Soooo..the Spin Cycle's assignment this week is religion. Yeah I know...really? Do you really want to go there? Wellllll..no actually, but I thought I might try my hand at it. PLEASE for the love of...don't leave me or think me a nut case (even if it might be true).
My faith. sigh.
Well lets try to start at the beginning. My earliest memory of church was in my own front yard. When I was little, I lived with a babysitter through the week and spent the weekends with my dad. The baby sitter's house was directly behind a small baptist church. We didn't go but her youngest daughter and I would sit on the porch and listen to the singing. That was our favorite part. When I spent the weekends with dad we would go to church on Sunday morning. I was all dressed up in my best dress, pearls and gloves. The hardest part was that I had to sit there with my knees and feet together, my hands lain in my lap and eyes forward. It was torture! BUT I always loved the singing part.
When dad remarried and I was yanked from the babysitter, suddenly we were going to church alot more often during the week. We was going every time the doors were open. I immersed myself in the choir and for a while that was good. I got baptized at the tender age of 7. As if I really knew what I was doing.
I watched my grandmothers go to church every Sunday. I believe they were both Methodist, but that doesn't really matter. Labels aren't necessary, they both believed in Christ and had faith. With all the adults in my life going to church, I knew it had to be something I MUST do.
We moved and changed churches, no make that denominations. It was the scariest thing I had ever seen, experienced and heard. These people were having seizures all in the name of the lord! I wanted NO part of that! So, instead I found another muse to keep me busy during church services. Friends or more accurately..boys. I really did try to not pay attention to the goings on. People throwing their arms all over the place, dancing in the isles and falling to the floor. I saw people being injured by the folks so enraptured in the throws of rejoice. I always wrapped my feet around the legs of the chair, just to keep them from getting stepped on. I would come home from church frustrated and at times angry. The somewhat fun time I had in Sunday school with my friends was long forgotten by time I got home. I remember even begging to just go to Sunday school and skipping the service. That never happened.
I was baptized once more, but didn't find it to be a glorious moment. So I soon forgot about it.
THEN we moved to Texas so my parents could attend the Christian collage. Our lives were all about the collage and learning the bible and of course church. I was now a pre-teen and starting to learn more than maybe I should, so some would say. I started analyzing the history of the bible and other faiths. Dad was going to be a missionary, so it was important to learn about other cultures. I don't think that my parents had any clue what was going through my brain and how it was affecting me.

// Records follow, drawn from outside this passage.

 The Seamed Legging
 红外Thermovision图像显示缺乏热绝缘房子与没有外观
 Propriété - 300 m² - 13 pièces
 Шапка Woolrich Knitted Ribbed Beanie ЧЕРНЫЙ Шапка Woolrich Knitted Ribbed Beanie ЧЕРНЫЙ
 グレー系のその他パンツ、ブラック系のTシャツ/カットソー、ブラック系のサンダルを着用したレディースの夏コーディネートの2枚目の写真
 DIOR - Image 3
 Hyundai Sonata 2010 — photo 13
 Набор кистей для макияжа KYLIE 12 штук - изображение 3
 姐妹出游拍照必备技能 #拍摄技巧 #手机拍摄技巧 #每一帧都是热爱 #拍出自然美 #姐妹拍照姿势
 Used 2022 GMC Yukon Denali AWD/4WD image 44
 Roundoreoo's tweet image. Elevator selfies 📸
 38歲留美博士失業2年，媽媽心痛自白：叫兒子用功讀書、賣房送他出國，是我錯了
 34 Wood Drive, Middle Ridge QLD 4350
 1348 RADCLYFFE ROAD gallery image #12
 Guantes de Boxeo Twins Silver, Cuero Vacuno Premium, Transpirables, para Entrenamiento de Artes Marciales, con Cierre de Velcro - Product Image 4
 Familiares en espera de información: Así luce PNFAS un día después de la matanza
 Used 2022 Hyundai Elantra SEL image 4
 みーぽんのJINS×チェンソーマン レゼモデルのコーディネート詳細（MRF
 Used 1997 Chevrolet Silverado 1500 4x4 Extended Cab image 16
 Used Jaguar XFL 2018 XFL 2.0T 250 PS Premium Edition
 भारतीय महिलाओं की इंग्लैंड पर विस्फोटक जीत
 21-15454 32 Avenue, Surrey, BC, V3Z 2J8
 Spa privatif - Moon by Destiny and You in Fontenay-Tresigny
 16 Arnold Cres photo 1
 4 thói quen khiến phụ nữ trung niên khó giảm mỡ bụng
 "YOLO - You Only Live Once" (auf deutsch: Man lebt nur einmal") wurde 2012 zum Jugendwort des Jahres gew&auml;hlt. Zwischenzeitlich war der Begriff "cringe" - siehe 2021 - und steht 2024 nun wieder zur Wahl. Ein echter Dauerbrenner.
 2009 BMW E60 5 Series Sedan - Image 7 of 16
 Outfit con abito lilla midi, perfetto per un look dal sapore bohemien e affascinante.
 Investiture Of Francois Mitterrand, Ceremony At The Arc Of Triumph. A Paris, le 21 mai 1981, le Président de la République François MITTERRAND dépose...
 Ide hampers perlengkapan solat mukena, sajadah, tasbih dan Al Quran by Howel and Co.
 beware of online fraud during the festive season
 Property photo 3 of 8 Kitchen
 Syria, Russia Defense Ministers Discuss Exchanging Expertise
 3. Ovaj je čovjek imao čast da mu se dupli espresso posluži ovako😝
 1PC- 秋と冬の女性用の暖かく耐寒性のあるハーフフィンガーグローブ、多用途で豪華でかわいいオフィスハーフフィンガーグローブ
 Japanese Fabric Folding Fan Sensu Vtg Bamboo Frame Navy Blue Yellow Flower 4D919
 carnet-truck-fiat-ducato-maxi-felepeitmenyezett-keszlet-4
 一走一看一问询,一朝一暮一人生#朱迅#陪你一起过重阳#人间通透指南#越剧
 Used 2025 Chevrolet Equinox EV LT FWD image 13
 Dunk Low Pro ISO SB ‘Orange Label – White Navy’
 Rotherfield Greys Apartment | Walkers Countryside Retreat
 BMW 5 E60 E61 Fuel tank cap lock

Of course living in Texas and of course growing up, I was exposed to all types of religions and was learning the differences and the commonalities. It was all very confusing, so I was what some would consider a problem child.
There was another side to the church process that had me in near tears all the time. We were a poor family and as a teenager I struggled with this. The church that we were currently going to (our third so far in Texas), were mostly configured of middle class folks. The laughing joke of the church is what we became, the charity case. The other teenagers were cruel and never let me forget that we was poor. They would show up in the most beautiful dresses I had ever seen. Well after some time of being exposed to their cruelty, I begun to lose faith in the church going process.
I was baptized yet again and again it had no profound affect on me like I saw it do in others. That was the final straw! I knew it wasn't that I was bad, crazy or hopeless. It was the folks around me that made me feel that way.
I have been to church maybe a dozen times since I left home at 17. Not because I have anything against going to church, I have just known for along time that it is something that wasn't for me. The fashion contest, the damnation of other religions and the hypocrisy is too rampant and I don't want or feel the need to subject myself to that stuff. I'm a live and let live kinda girl. I would never try to tell someone what they must believe or do and I hope to get the same respect for my decisions. I don't take my decision lightly, I have spent nearly half my life in church and learning the bible or I should say forced to learn the bible. I know most religious folks wouldn't agree with my decision, they would say "If you don't get right with god then you are going to go to hell". Well, my response is always the same...We are good! We know where we stand with each other and we are good.
I have always disliked the separate denominations or even the label of Christianity. To me putting a label on oneself like that is like allowing folks to peek into your bedroom. It's my heart, soul, spirit or what have you. As long as I am at peace with myself and try to live a good life with no harm to others, then we are good! IF I was to put a label on myself..then it would have to be...ha! Thought I was going to tell, didn't ya!!
I had best stop here, before I alienate all my friends and have them running for the hills just to get away from the heathen. Go ahead and laugh mom, I know you want to!
This post is in NO way a mean spirited post. Just the ramblings of a woman who dug too deep for answers and didn't like what she found.
Do unto others as you would have them do unto you. Luke 6:31
Yes, I dug my bible out for that one!